FSH (Follicle Stimulating Hormone)
The pituitary hormone that drives egg and sperm development
Plain English
Follicle-stimulating hormone (FSH) is produced by the pituitary gland and drives the development of reproductive cells: egg follicles in women and sperm production in men. In women, FSH is also a critical marker of ovarian reserve. As the ovaries age and follicle count declines, FSH rises as the pituitary pushes harder to get a response. Elevated FSH in a woman of reproductive age signals declining ovarian reserve.
The Mechanism
FSH is released from the pituitary gland in response to gonadotropin-releasing hormone from the hypothalamus, the same upstream signal that drives LH release. In women, FSH rises in the early follicular phase of the menstrual cycle, stimulating a cohort of ovarian follicles to grow and mature. The dominant follicle produces estradiol, which eventually rises high enough to trigger the LH surge that causes ovulation.
As women age and the pool of remaining follicles shrinks, the estradiol response to FSH becomes weaker. The pituitary compensates by producing more FSH. This is why a day-3 FSH level (measured on cycle day 3, when it should be at its lowest) is a standard ovarian reserve marker: values above 10-12 IU/L indicate diminishing reserve, and values above 20-25 IU/L are associated with reduced fertility.
In men, FSH acts on Sertoli cells in the testes to support spermatogenesis. Unlike LH, which drives testosterone production, FSH drives sperm cell maturation. A man with low sperm count but normal testosterone may have FSH dysfunction specifically in the spermatogenesis pathway, while his LH and testosterone remain intact. Elevated FSH in men with poor semen quality points to testicular failure of the sperm production pathway.
Why It Matters
In women, FSH is the earliest measurable signal of ovarian aging.

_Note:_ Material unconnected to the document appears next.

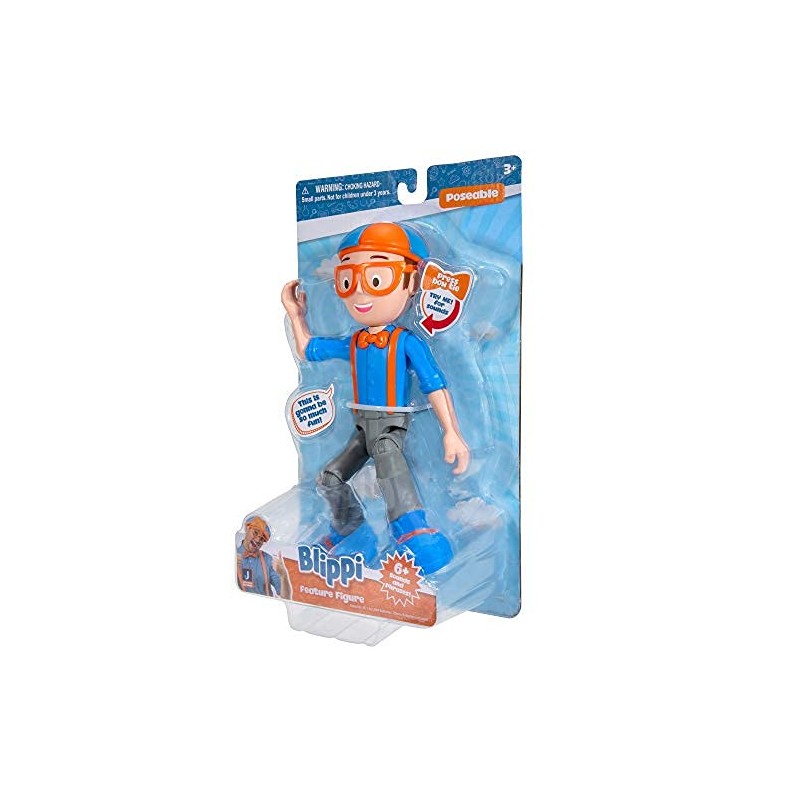 Blippi Talking Figure, 9-inch Articulated Toy with 8 Sounds and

FSH is the earliest hormonal signal of declining ovarian reserve in women, often rising years before cycles become irregular or symptoms of perimenopause appear. It is also a critical diagnostic marker for distinguishing types of hormonal dysfunction in men: high FSH alongside poor semen analysis points to testicular failure, while low FSH alongside low testosterone points to central signaling failure. In perimenopause, FSH fluctuates erratically before eventually staying elevated, which is why a single FSH reading is less informative than the trend.
Common Misconception
Many women first hear about FSH during fertility workups and assume a single high reading confirms premature ovarian failure. In reality, FSH fluctuates significantly from cycle to cycle, particularly in perimenopause, and a single elevated reading requires confirmation. The Anti-Mullerian Hormone (AMH) test is generally more stable and is now used alongside FSH for ovarian reserve assessment.
Signs It Is Disrupted
- Irregular menstrual cycles with shorter cycle lengths or increased variability
- Hot flashes or night sweats in women under 45, which may indicate premature ovarian insufficiency
- Difficulty conceiving after adequate time trying, prompting fertility evaluation
- In men, abnormal semen analysis alongside elevated FSH suggests spermatogenesis failure
- Absent or significantly delayed puberty in adolescents, where FSH and LH pulsatility fail to initiate
How to Improve It
3 Things to Remember
FSH drives follicle maturation in women and sperm development in men. Elevated FSH in women signals declining ovarian reserve, often years before cycles become irregular.
Day-3 FSH testing is the standard ovarian reserve marker: above 10-12 IU/L indicates diminishing reserve, though it should be paired with AMH for a complete picture.
In men, elevated FSH alongside poor semen analysis points to testicular failure of sperm production specifically, while testosterone and LH may remain normal.